When given the ability of choice, people nearly always seek out the best possible selection to ensure their own success. So, it is not surprising that students at the University of Maryland, College Park commonly compare course ratings and grade data, amongst many other factors, in their choice of which courses and course sections to select each semester. In this project, our group seeks to better understand the relationships between professor rating and professor average GPA with how students seek to enroll in courses within the Department of Computer Science at the UMCP.

# Fetching Our Data

Before we are able to begin our analysis, we first need to retrieve the publicly available data about professors and courses within the Computer Science Department. Using APIs developed by our peer students at the University hosted on `umd.io` and `planetterp.com`, we are able to secure the necessary data to conduct our analyses.

Fetching large amounts of data from the `umd.io` and `planetterp.com` APIs consistently as we were working on our project turned out to be costly both in terms of the amount of time we were waiting for data to process, and costly for the APIs themselves, with us sometimes being rate-limited when fixing small mistakes. For reference, being rate-limited is when too many requests are sent to a public API, and the API limits requests from your address in an effort to conserve resources for others. 

In order to solve the costliness of fetching and re-fetching the data from these publicly available APIs, we instead fetch all of the data about CMSC (Dept. of Computer Science) courses at UMCP at the beginning of our project, store them in an SQLite database, and use this database to do necessary queries throughout our data analysis.

We chose the SQLite database over other initial solutions like MongoDB due to SQLite having native support in the Pandas library, along with the fact that storing our data in a table-like fashion made the most sense considering Pandas needs to represent it as a table as well. If we were to use MongoDB for example, we would need to query the database and then flatten our data to be placed into a Pandas dataframe for analysis anyways. By representing the data as a table from the beginning, we remove this rather redundant step when importing our data. Furthermore, keeping the data local in our own repository was also another plus, as needing to connect to a remote service for hosting our data could involve extra costs and complexity in our analysis.

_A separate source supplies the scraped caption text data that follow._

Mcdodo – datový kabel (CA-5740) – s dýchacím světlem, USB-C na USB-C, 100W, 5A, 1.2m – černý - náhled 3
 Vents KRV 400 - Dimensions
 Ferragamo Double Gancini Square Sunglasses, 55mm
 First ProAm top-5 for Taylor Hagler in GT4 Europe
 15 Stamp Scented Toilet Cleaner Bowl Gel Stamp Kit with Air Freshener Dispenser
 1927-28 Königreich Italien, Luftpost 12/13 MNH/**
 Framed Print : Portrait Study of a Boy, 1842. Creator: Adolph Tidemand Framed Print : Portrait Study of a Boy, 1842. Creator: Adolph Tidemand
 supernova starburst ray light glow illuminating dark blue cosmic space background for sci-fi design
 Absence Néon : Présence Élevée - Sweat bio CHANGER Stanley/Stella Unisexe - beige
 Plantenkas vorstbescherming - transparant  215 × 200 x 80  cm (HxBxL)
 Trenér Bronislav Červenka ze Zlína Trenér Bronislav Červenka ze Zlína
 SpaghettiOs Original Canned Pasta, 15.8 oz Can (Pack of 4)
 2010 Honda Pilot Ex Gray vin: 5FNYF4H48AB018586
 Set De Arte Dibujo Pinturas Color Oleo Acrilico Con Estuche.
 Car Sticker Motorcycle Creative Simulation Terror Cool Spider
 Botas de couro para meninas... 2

Below is the code that scrapes the `umd.io` and `planetterp.com` APIs and stores the necessary data that we recieve in our local SQLite database.

## Connect to the Database

In [32]:
import sqlite3
def open_conn():
    return sqlite3.connect("project.db")

with open_conn() as conn:
    print(conn.execute("SELECT name FROM sqlite_master WHERE type='table'").fetchall())

[('courses',), ('course_sections',)]


## Fetch and Write Basic Course Info

First, we need to get a list of all of the courses that are available within the `umd.io` API for us to fetch. However, we cannot get all of our data in one API request because:
1. The API returns results in a paginated form, and we can only request up to 100 entries on each page. So, if there are more courses than 100 for a single set of request parameters, we need to keep fetching the next page until there are no more results to return.
2. The API is supposed to support being able to request all courses less than or equal to (`leq`) than a semester, but the API seems to be broken and does not accept strings longer than six characters. To provide the `leq` option, we would need to provide `202008|leq` for the semester parameter, which is 10 characters long. To work around this issue, we start at the current year (`2022`) and iteratively make a call for both the spring `01` semester and `08` fall semesters for each year, decrementing the year each iteration. 

In [34]:
# YOU SHOULD NOT RUN THIS CODE BLOCK UNLESS YOU ARE WANTING TO LOAD NEW DATA
import requests

def get_courses(page, semester):
    params = {"dept_id": "CMSC", "per_page": 100, "page": page, "semester": semester}
    return requests.get("https://api.umd.io/v1/courses", params=params).json()

def fetch_for_semester(semester):
    result = []
    page = 1
    while True:
        response = get_courses(page, semester)
        if "error_code" in response:
            if response["message"] == "We don't have data for this semester!":
                # theres no data to fetch! stop now
                break
            raise Exception(f"unknown error response: {response}")
                
        if len(response) == 0:
            # if we got no result, then we reached the last page
            break
            
        result += response
        page += 1
    return result

def fetch_for_year(year):
    result = []
    for semester_id in ["01", "08"]:
        result += fetch_for_semester(f"{year}{semester_id}")
    return result

courses = []
for year in range(2017, 2023):
    courses += fetch_for_year(year)

len_courses = len(courses)
print(f"amount of courses fetched: {len_courses}")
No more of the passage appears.